Comptroller Peter Franchot (D), a frequent critic of Maryland’s slots program, has no interest in a special legislative session to expand it.
The former Montgomery County delegate, who is angling to run for governor in 2014, makes that abundantly clear in an op-ed that appeared Thursday on the Web site of the Baltimore Sun.
In the piece, Franchot offers “all due respect” to Gov. Martin O’Malley (D) and Senate President Thomas V. Mike Miller Jr. (D-Calvert), who are pushing a plan to add a full-fledged casino in Prince George's County and allow Las Vegas-style table games at Maryland’s five existing slots locations.

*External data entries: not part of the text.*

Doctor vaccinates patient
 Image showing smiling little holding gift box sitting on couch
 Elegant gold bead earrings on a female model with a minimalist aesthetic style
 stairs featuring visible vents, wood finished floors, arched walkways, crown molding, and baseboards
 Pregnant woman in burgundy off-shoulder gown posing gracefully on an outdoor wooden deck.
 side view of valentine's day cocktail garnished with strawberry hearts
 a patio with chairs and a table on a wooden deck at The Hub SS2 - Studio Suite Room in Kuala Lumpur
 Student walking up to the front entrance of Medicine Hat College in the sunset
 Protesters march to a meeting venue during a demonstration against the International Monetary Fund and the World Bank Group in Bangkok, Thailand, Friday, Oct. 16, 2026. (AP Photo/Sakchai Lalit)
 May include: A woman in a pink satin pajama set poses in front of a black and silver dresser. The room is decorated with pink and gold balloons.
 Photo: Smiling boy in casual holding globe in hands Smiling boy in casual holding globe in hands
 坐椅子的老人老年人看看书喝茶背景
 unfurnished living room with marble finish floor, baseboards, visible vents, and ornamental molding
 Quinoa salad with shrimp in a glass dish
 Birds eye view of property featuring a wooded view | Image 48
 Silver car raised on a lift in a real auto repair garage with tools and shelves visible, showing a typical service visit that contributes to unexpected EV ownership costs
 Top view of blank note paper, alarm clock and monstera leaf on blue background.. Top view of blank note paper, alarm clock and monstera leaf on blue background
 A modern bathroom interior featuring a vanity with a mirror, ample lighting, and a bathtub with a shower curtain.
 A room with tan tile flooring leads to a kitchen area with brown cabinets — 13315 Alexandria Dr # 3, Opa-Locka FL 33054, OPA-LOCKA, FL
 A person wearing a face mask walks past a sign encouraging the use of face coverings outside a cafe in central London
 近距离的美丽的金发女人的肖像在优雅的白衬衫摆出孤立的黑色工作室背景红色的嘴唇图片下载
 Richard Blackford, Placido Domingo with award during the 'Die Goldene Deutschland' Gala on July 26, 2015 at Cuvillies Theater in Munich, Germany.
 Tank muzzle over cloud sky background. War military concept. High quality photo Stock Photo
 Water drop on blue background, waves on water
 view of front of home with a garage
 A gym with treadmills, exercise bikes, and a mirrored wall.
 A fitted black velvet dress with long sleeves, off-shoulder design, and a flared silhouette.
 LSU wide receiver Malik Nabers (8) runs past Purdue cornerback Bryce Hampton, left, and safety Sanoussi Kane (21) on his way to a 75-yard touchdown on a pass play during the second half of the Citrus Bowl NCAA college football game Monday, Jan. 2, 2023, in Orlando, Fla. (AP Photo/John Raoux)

But, the comptroller writes: “I believe this represents the wrong approach to our state’s fiscal challenges and sends the wrong message to the working people of our state. Awarding tax breaks to the national gambling industry, after we have repeatedly raised taxes on Maryland families and businesses, would represent the most profound misplacement of priorities that I have seen in my 25 years in public life.”
Franchot is referring to plans that have been floated to reduce the tax rates on other Maryland casinos to compensate them for the new competition that would come with a casino in Prince George’s, most likely at National Harbor.
Franchot’s position puts him at odds with Lt. Gov. Anthony G. Brown (D), another leading contender for the 2014 Democratic nomination.
Brown, a former Prince George’s delegate, wrote in a letter to the Gazette newspaper last week that a casino in the county “would spur the creation of thousands of construction jobs in the short term, thousands of permanent jobs in the long term and tens of millions of dollars in economic activity for years to come.”
O’Malley is expected to make an announcement in coming days about whether he will call a special session. If it happens, lawmakers most likely will be told to return to Annapolis in early August.
Any gambling expansion would require approval by voters statewide as well as the legislature. O’Malley and others are trying to pass a plan that could appear on the November ballot.